There are 20 alligators in the swamp. Each year, the number of alligators increases by 25%. There are 25 crocodiles in the swamp. Each year, 10 new crocodiles join the swamp.

Part A: Write functions to represent the number of alligators and crocodiles in the swamp throughout the years. (4 points)

Part B: How many alligators are in the swamp after 4 years? How many crocodiles are in the swamp after the same number of years? (2 points)

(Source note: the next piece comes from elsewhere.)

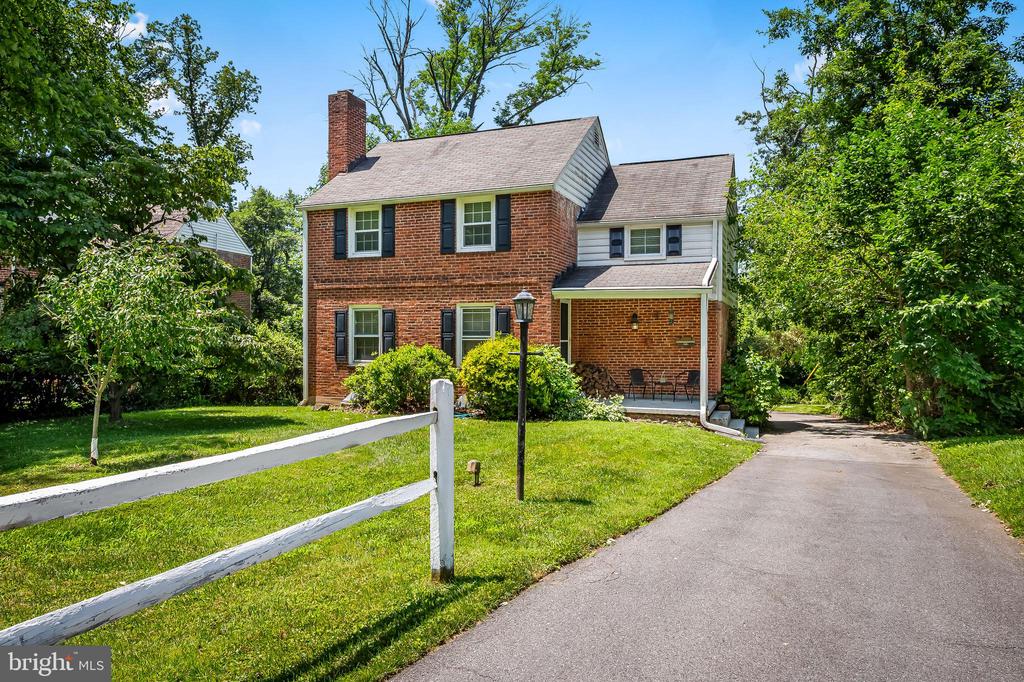 808 Olmstead Rd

Part C: After approximately how many years is the number of alligators and crocodiles the same? Justify your answer mathematically. (4 points)

Answer 1

Part A

Each year the number of alligators is 1.25 times the number the year before. Repeated multiplication by this value can be represented using an exponent. The equation for the number of alligators (a) as a function of the number of years (t) can be written as

... a(t) = 20·1.25^t

Each year, the number of crocodiles increases by 10. Repeated addition can be represented using multiplication. The equation for the number of crocodiles (c) as a function of the number of years (t) can be written as

... c(t) = 25 +10t

Part B

... a(4) = 20·1.25⁴ ≈ 48.83 ≈ 49

... c(4) = 25 +10·4 = 65

After 4 years, there are 49 alligators and 65 crocodiles.

Part C

You want t that solves a(t) = c(t). Such an equation cannot be solved algebraically, but it can be solved by any of a variety of other methods. My personal preference is for a graphical solution.

After approximately 7 years, the number of animals of each type will be the same, 95.

a(7) = 95.4

c(7) = 95

These numbers both round to 95.